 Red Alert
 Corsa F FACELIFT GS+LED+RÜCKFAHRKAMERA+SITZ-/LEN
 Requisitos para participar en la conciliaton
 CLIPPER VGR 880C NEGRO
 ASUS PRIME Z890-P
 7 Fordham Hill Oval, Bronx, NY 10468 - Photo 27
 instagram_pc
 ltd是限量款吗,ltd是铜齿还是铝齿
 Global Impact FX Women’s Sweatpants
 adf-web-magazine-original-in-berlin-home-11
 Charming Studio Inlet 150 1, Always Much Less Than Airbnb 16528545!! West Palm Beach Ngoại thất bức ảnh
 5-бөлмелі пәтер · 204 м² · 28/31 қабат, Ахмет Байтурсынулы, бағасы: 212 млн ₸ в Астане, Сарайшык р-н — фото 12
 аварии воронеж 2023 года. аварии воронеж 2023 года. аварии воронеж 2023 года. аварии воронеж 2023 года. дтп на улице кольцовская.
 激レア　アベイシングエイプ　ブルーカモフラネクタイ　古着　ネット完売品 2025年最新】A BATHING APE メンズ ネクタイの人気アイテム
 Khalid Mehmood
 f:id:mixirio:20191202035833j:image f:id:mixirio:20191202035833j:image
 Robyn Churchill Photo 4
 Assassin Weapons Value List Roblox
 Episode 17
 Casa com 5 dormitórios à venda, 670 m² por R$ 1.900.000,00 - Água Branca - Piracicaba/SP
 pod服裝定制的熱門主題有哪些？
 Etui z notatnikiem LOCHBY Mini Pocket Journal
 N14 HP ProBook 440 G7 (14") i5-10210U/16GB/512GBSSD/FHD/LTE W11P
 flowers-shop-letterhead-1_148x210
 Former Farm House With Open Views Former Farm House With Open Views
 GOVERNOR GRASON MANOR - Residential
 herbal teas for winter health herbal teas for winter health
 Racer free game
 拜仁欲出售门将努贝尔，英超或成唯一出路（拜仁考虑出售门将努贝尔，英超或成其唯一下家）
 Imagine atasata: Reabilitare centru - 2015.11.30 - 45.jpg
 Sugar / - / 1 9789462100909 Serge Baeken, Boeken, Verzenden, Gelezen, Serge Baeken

---+---

Exercise instructions —
Wherever "Photo" appears in a line of the entries, copy that line.

Written answer —
 7 Fordham Hill Oval, Bronx, NY 10468 - Photo 27
 Robyn Churchill Photo 4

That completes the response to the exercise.